→ **EXERCISE**:
What should come back is the data below, word for word, minus any picture.

→ **RECORDED DATA**:

━━━━━━━━━━━━━━━━━━━━

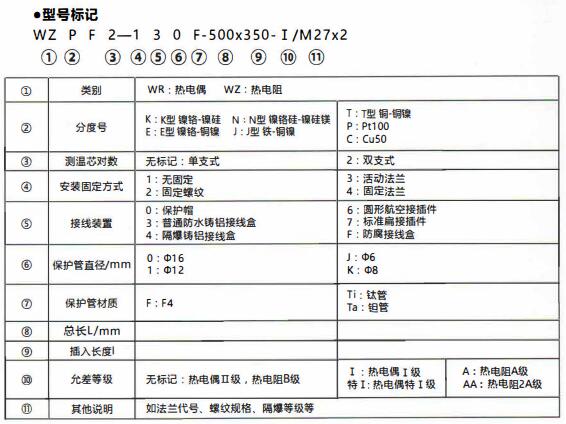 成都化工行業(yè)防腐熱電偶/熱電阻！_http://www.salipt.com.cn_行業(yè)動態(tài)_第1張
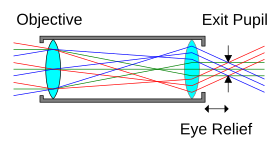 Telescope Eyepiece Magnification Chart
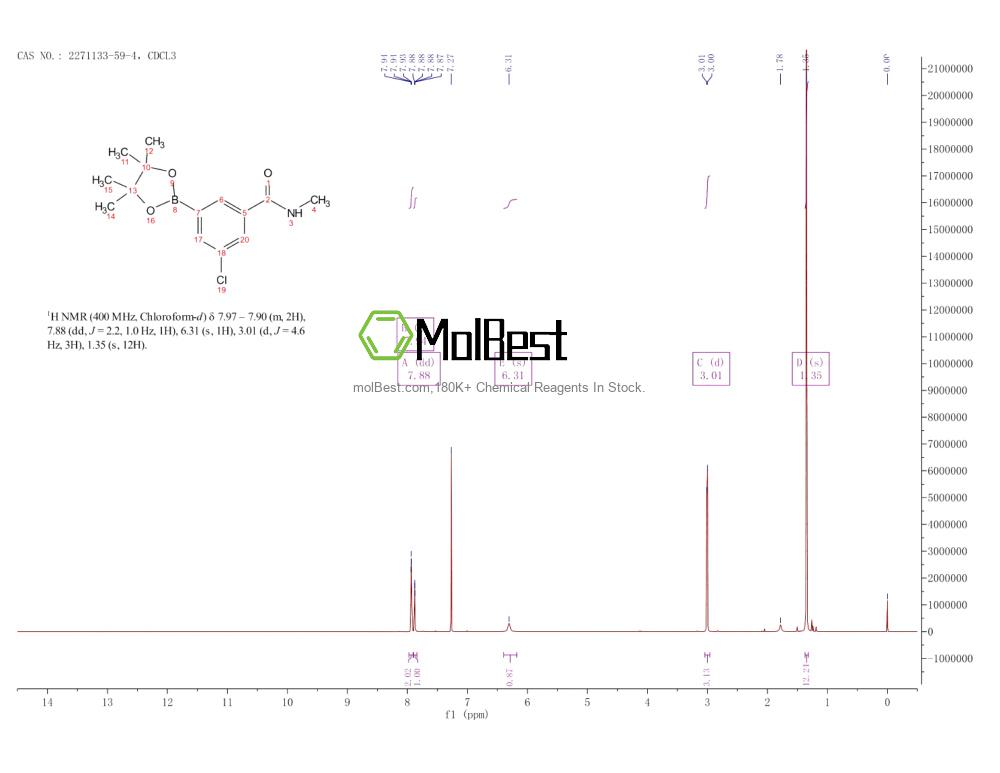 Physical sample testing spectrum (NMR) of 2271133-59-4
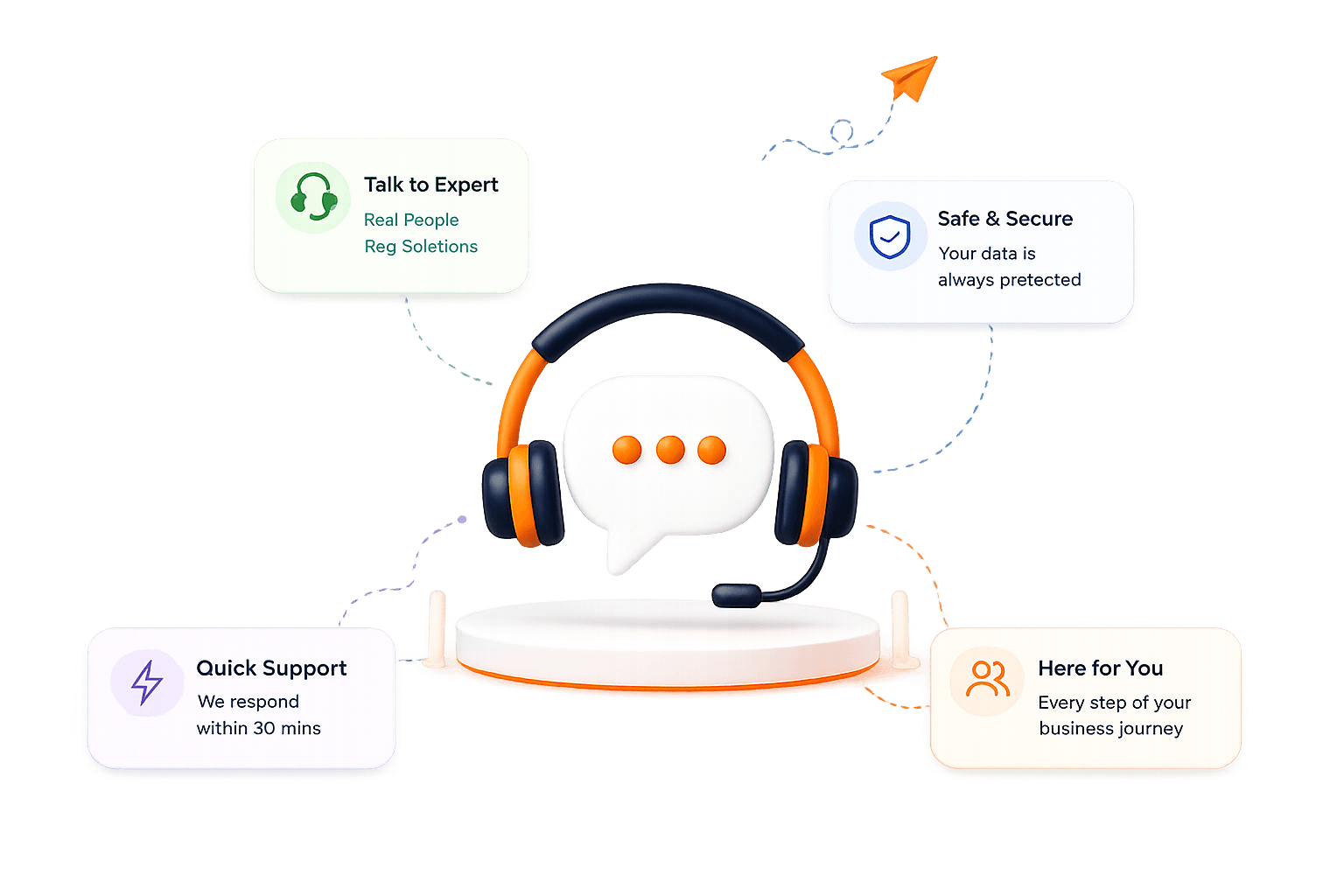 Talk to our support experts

━━━━━━━━━━━━━━━━━━━━

→ **TASK SOLUTION**:
 成都化工行業(yè)防腐熱電偶/熱電阻！_http://www.salipt.com.cn_行業(yè)動態(tài)_第1張
 Telescope Eyepiece Magnification Chart
 Physical sample testing spectrum (NMR) of 2271133-59-4
 Talk to our support experts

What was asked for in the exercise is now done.